El Rey y el presidente del Congreso |
A la ronda del Rey acuden los representantes de las formaciones
políticas con el convencimiento de que, si no se produce un milagro, no hay más
remedio que convocar nuevas elecciones generales. Si ello es así, el mensaje
que se traslada a la ciudadanía es que sus votos de diciembre fueron inútiles y
habrán de afinar sus apuestas en las urnas si quieren que alguien les gobierne
tras una nueva campaña electoral que se antoja agotadora. Ninguno de los
partidos que se han mostrado incapaces de dialogar asume la responsabilidad de
este fracaso. Todos culpan al adversario de una situación inédita en la
democracia española y que obliga repetir unas elecciones para conformar
Gobierno, sin ninguna seguridad de que el resultado sea muy distinto del que
refleja el Parlamento actual.
Volver a la situación de partida, con pequeñas variaciones
en los escaños, supondría un acto de autoridad por parte de los votantes, que
exigirían se respete su soberana voluntad, reafirmada en las urnas, y una
vergüenza para los partidos políticos, que no saben o no quieren aceptar el
veredicto democrático y se niegan plegarse al mismo, atendiendo exclusivamente a
sus intereses partidistas. Ese es el riesgo que se corre al convocar nuevas
elecciones. Unos confían en que, entonces, el “sentido común” permita esa gran
coalición que el Partido Popular tanto ha invocado, y otros aguardan que los
ciudadanos premien su intransigencia o, al menos, castiguen la del contrario,
posibilitándoles las combinaciones para formar Gobierno que antes fueron
imposibles. Todos transmutan los votos en inútiles cuando no sirven para sus
estrategias partidistas y obligan tirar nuevas cartas para ver si la suerte les
acompaña, sin pensar en los intereses del país y en las necesidades de la
gente, aburrida y hastiada de que se juegue con ella.

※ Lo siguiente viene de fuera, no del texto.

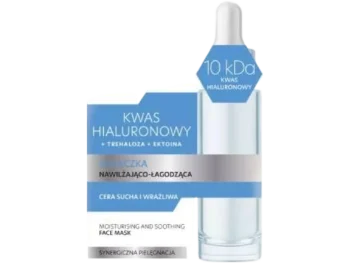 Zdjęcie produktu Bielenda Skin Clinic Professional kwas hialuronowy, maska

En cualquier caso, si el Rey se ve en la necesidad de
convocar nuevas elecciones, como parece probable, considerar inútiles los votos
de diciembre pasado tendrá un precio, un alto precio que vendrá a profundizar
la desafección de los ciudadanos con la política y agrandar su desconfianza en
quienes no se toman en serio sus deseos, expresados en las urnas. Declarar
inútiles esos votos traerá la consecuencia de un mayor desprestigio de un
sistema político que no sirve para interpretar y asumir la voluntad democrática
de votantes, a quienes se les está exigiendo, en la práctica con nuevas
elecciones, una rectificación en toda regla: ustedes se equivocaron, vuelvan a
votar otra vez.
Tratar así a los ciudadanos de un país en que los escándalos
por corrupción salpican, especialmente, a la clase política, con una crisis
económica que empobrece injustamente a quienes no tuvieron la culpa de su
aparición, que rescata a los que la engendraron con dinero público,
los premia con una amnistía fiscal y, al final, figuran en los papeles de paraísos fiscales,
todo ello, decimos, no hace más que ahondar la brecha de la desconfianza, el rechazo, la
frustración y la apatía entre los que, con razón, piensan que no sirve de nada
participar y votar en democracia, puesto que, como ha quedado demostrado con
las elecciones de diciembre, sus deseos volcados en las urnas no son tenidos en
cuenta.
Los que están evacuando consultas con el Rey evalúan sus
posibilidades electorales y no tienen en cuenta los intereses generales de la
población ni las consecuencias de declarar inútil su voto. Ellos van a su bola,
esa que aplasta las urnas y sofoca nuestra voz, para regocijo de los populismos
que pescan en río revuelto y de los seres providenciales que todo lo
prometen, hasta lo que no pueden cumplir. A ver dónde acabamos.